At the FPA Professionals Congress speakers who specialise in protecting vulnerable, elderly and disabled people from financial abuse shared how planners can be part of the solution.
Anne McGowan, chief executive of Protecting Seniors Wealth, started with practical advice: "Keep records of suspicious activity."
She explained regulators around the world are waking up to the issue of financial abuse of the vulnerable, with new legislation in the United States and the Australian Banking Association calling for a national protective strategy.
"The focus should be on client safety and security, protecting the dignity of the client," McGowan said.
"Perpetrator tactics can begin as suggestions and escalate... Financial abuse can lead to other forms of abuse."
Adult children are the most common perpetrators of elder financial abuse but McGowan said she's aware of cases where new friends suddenly come into the life of an elderly person and take advantage of their finances, or even where neighbours slowly gain access to an elderly person's finances.

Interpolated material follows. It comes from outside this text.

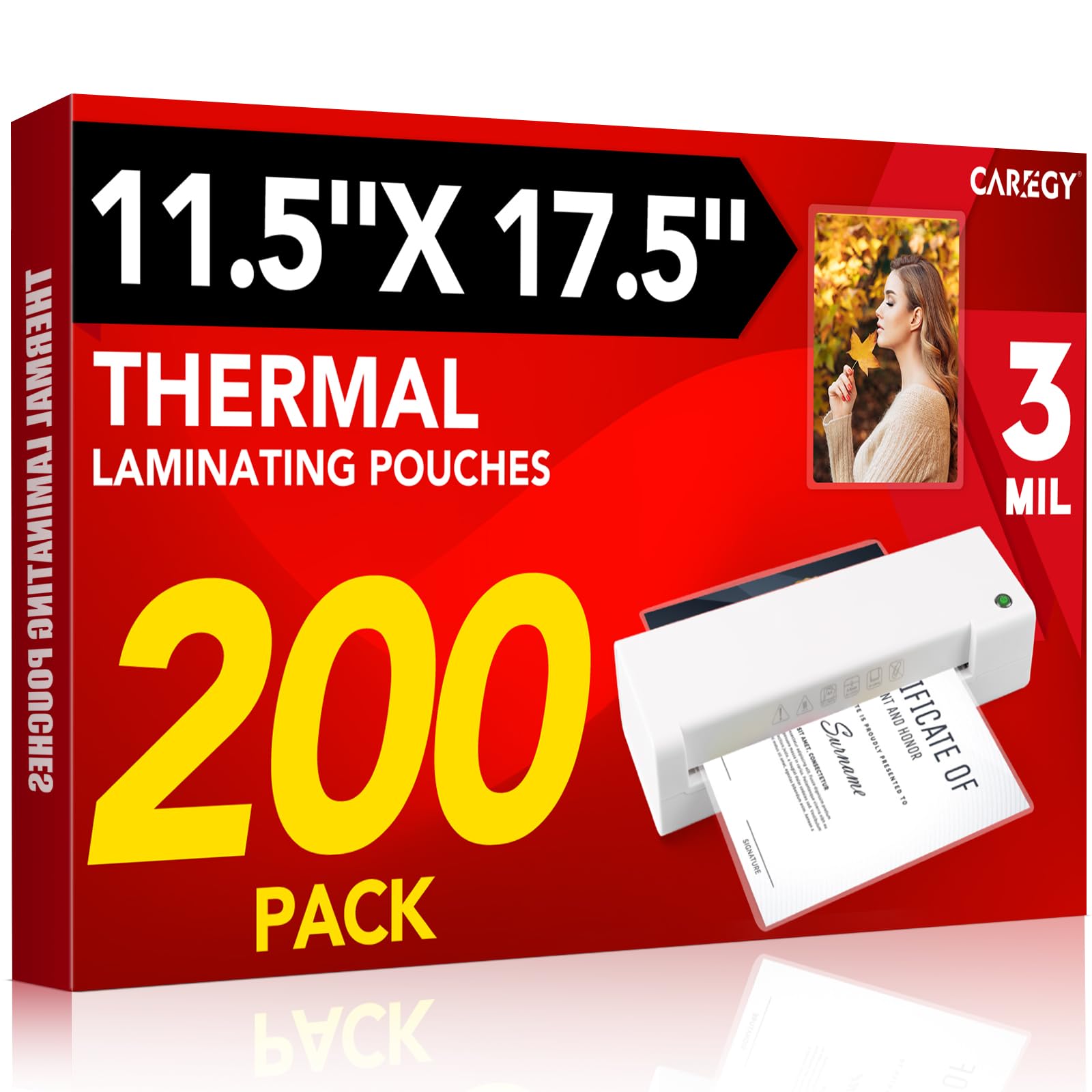 Photo 1 of CAREGY 200 Pack Laminating Sheets, Hold 11 x 17 Inch Sheet, 3 Mil Clear Thermal Laminating Pouches 11.5 x 17.5 Inch Lamination Sheet Paper for Laminator, Round Corner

William Johns, chief executive and founder of Health & Finance Integrated, said he takes "things to the extreme" by having adaptable cars so that he can take elderly and disabled clients out of the office.
Johns pointed out that the UN Convention on the Rights of Persons with Disability protects people's freedom to make their own decisions - understanding this, he said, is one of the key ways to provide dignified financial services to a disabled client.
Dignity of risk, Johns explained, is an important concept.
"You are a supporter to the decision maker. You are supporting them to make the right choices. You are not telling them what to do," he said.
To successfully provide financial advice to a vulnerable client, Johns said having protocols in place from the outset is the most practical way to ensure both the adviser and client are protected. For example, he explained how he prefers to work with mentally ill clients. This involves including a clause in the contract that allows him to contact family members or support networks, if appropriate, to enquire about the client's mental state and welfare.
Kathy Havers, executive financial adviser at Viridian, has her practice as an adviser informed by her own experiences as her son has autism.
She shared some of her experiences with clients who are the parents of disabled children, and noted that often advisers will be dealing with single parents.
"Unfortunately, the statistics are that when you've got a child with disabilities the parents are more likely to split up," she explained.
Havers said the main concern parents have when they have a disabled child is their own mortality - how the child will cope and be cared for in the future.
"Have empathy and really listen. Educate yourself, make sure you qualify to provide the advice and if you don't then refer the client on," she said.
"If you believe there's any potential for abuse you should speak to your licensee very quickly."